Just starting to set up the entertainment area in the new basement and need to replace the wires that came with the system. Looked at Monoprice and Accesories for Less, but not sure of their shipping policies up to here (Winnipeg). I need about 100 to 150 feet of speaker cable, and at least 3 HDMI cables of about 15+ feet. Any help on their shipping (cost plus duties) or a Canadian supplier that would compare in prices would be great.


----------



## JQueen (Jan 11, 2012)

a4l does not ship out of the united states but monoprice does

http://www.monoprice.com/home/home.asp?pn=support


----------



## tonyvdb (Sep 5, 2007)

I just ordered from Monoprice to Edmonton it arrived in less than 48hrs using DHL Your only real other option is to go to Home depot.


----------



## lurker18 (Nov 14, 2012)

Tony, were you hit with massive duty and shipping charges.

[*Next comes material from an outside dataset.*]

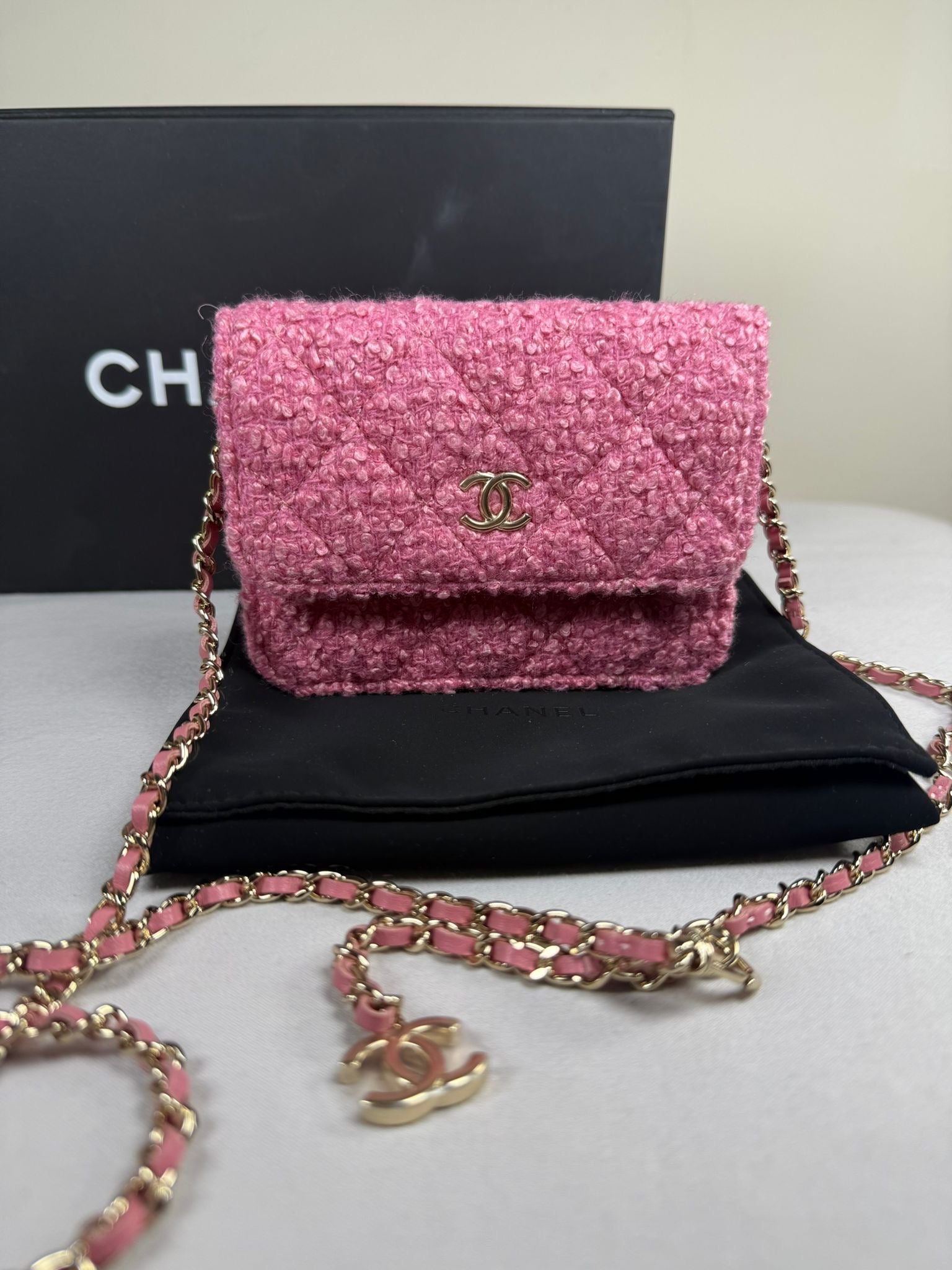 Chanel Pink Mini Tweed Flap Bag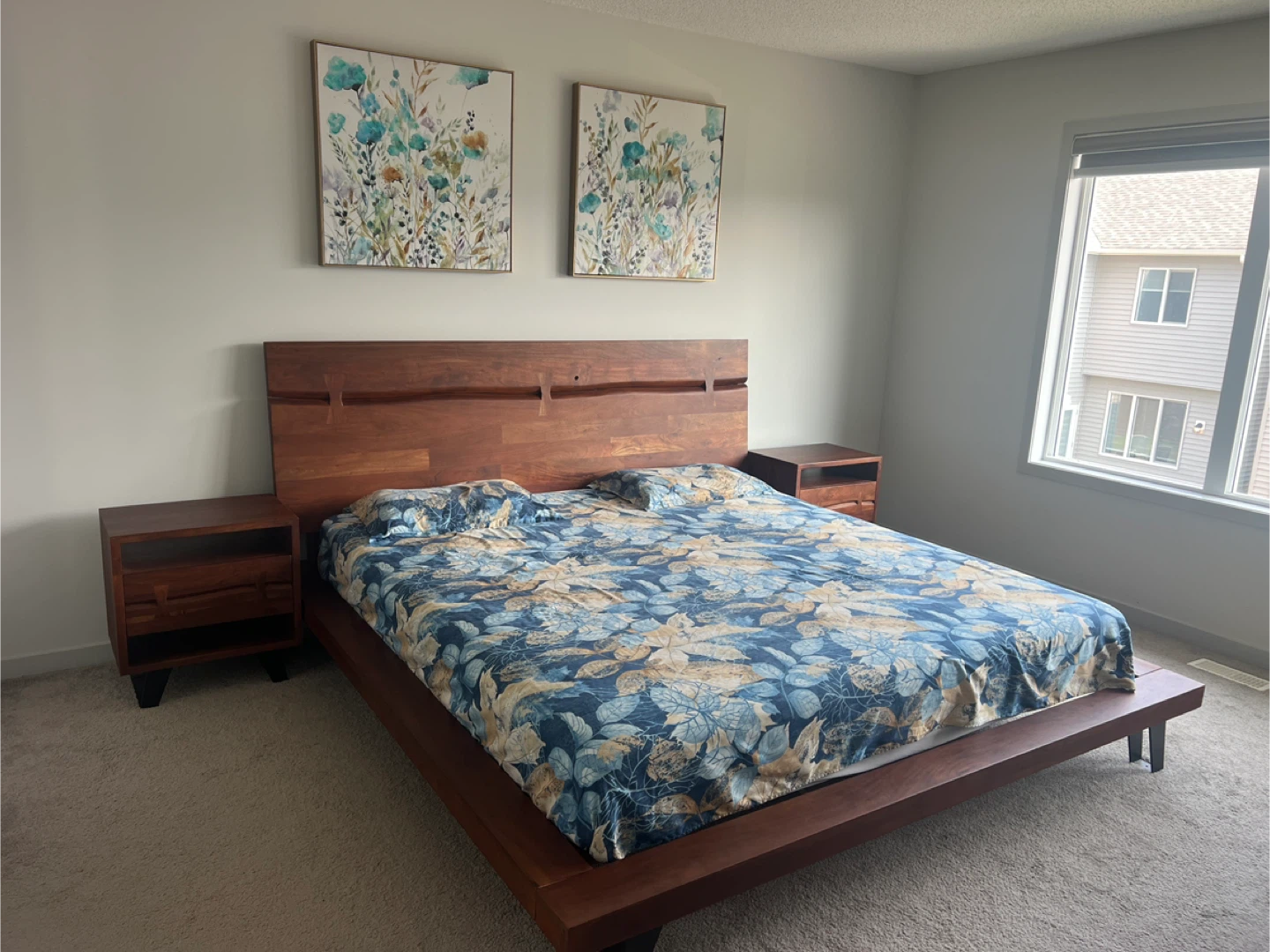 Solid Wood King Size Bed Frame with Nightstands & Dresser - photo 2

I hate ordering from the US and get the duty bill for more than the product is worth (UPS), or shipping rates triple the cost.


----------



## tonyvdb (Sep 5, 2007)

My shipping cost was only for 50' of 12awg speaker wire, a 50' shelded rca cable and a wall plate with 3 sets of speaker terminals and that cost $30 shipping was $30 and the brokerage fee/GST was $12 but compared to the price Home Depot was going to charge it was still cheaper in the end.


----------